§ WHAT YOU NEED TO DO:
No pictures belong in the copy. Retype exactly, and only, the stretch of lines below from the one with "El destructor USS" through the one with "2025 Harley-Davidson® Pan America® 1250 ST".

§ DATA SECTION:
********

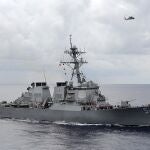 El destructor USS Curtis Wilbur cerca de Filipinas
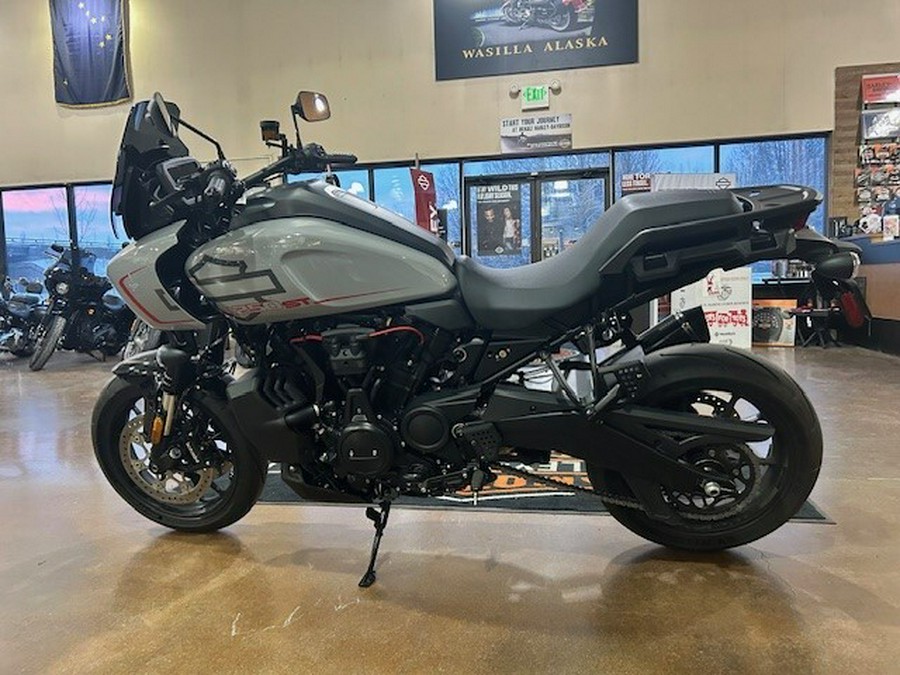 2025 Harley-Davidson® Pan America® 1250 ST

********

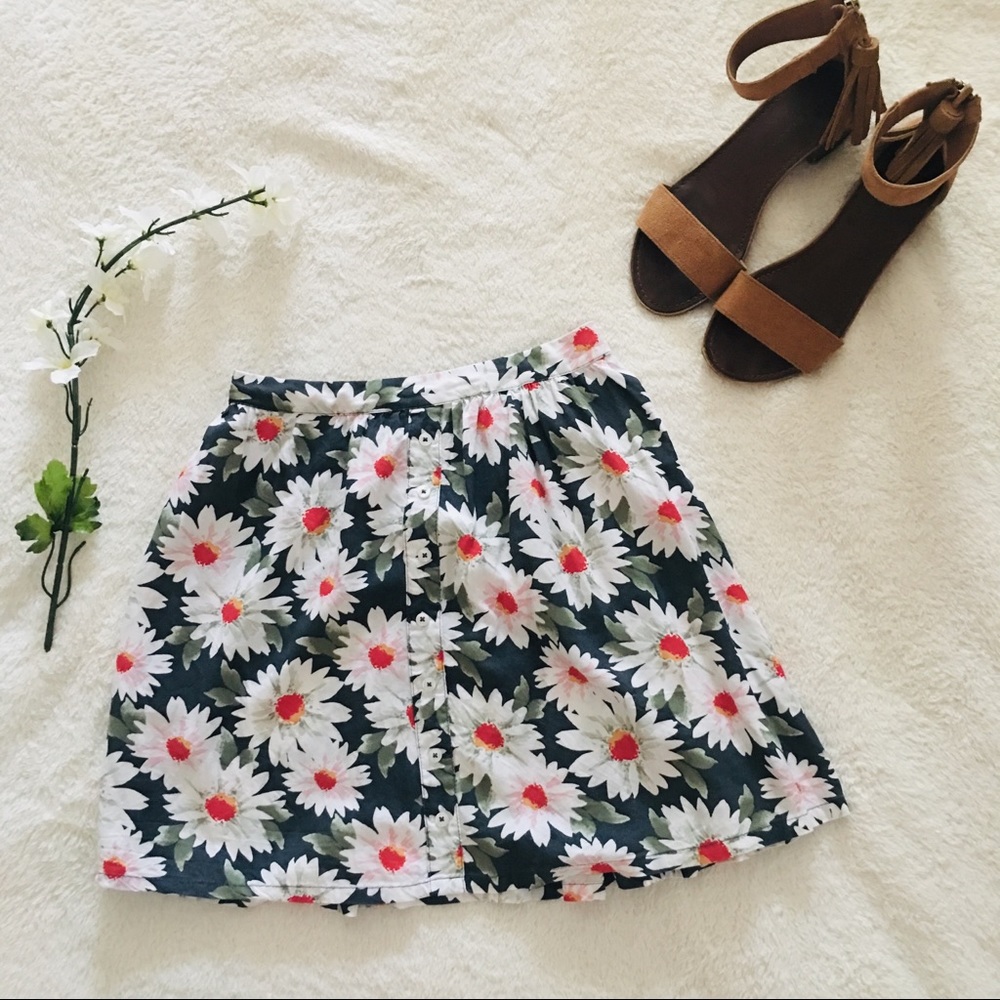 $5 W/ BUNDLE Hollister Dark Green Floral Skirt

********

§ WRITTEN SOLUTION:
 El destructor USS Curtis Wilbur cerca de Filipinas
 2025 Harley-Davidson® Pan America® 1250 ST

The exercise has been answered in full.